Records contained in a dataset:
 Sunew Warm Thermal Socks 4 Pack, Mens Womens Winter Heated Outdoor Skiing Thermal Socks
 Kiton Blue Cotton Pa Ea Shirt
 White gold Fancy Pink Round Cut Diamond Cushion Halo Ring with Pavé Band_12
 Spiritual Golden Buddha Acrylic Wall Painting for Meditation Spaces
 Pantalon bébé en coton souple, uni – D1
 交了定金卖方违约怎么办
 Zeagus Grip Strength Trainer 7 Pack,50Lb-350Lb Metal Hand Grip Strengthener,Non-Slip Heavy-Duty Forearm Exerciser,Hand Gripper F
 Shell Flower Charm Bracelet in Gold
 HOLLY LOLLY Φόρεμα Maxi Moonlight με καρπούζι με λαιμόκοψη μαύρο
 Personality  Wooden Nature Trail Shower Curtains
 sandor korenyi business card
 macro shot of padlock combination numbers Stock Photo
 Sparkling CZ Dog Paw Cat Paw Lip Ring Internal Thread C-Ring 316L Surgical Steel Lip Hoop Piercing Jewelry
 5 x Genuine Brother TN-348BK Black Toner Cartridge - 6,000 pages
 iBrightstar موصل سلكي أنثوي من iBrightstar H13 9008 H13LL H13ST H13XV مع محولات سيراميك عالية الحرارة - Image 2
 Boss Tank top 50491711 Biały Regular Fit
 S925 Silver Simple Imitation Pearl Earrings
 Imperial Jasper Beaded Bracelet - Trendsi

[PROMPT]
Would you please give the data above again, exactly as it appears?

[OUTPUT BELOW]
 Sunew Warm Thermal Socks 4 Pack, Mens Womens Winter Heated Outdoor Skiing Thermal Socks
 Kiton Blue Cotton Pa Ea Shirt
 White gold Fancy Pink Round Cut Diamond Cushion Halo Ring with Pavé Band_12
 Spiritual Golden Buddha Acrylic Wall Painting for Meditation Spaces
 Pantalon bébé en coton souple, uni – D1
 交了定金卖方违约怎么办
 Zeagus Grip Strength Trainer 7 Pack,50Lb-350Lb Metal Hand Grip Strengthener,Non-Slip Heavy-Duty Forearm Exerciser,Hand Gripper F
 Shell Flower Charm Bracelet in Gold
 HOLLY LOLLY Φόρεμα Maxi Moonlight με καρπούζι με λαιμόκοψη μαύρο
 Personality  Wooden Nature Trail Shower Curtains
 sandor korenyi business card
 macro shot of padlock combination numbers Stock Photo
 Sparkling CZ Dog Paw Cat Paw Lip Ring Internal Thread C-Ring 316L Surgical Steel Lip Hoop Piercing Jewelry
 5 x Genuine Brother TN-348BK Black Toner Cartridge - 6,000 pages
 iBrightstar موصل سلكي أنثوي من iBrightstar H13 9008 H13LL H13ST H13XV مع محولات سيراميك عالية الحرارة - Image 2
 Boss Tank top 50491711 Biały Regular Fit
 S925 Silver Simple Imitation Pearl Earrings
 Imperial Jasper Beaded Bracelet - Trendsi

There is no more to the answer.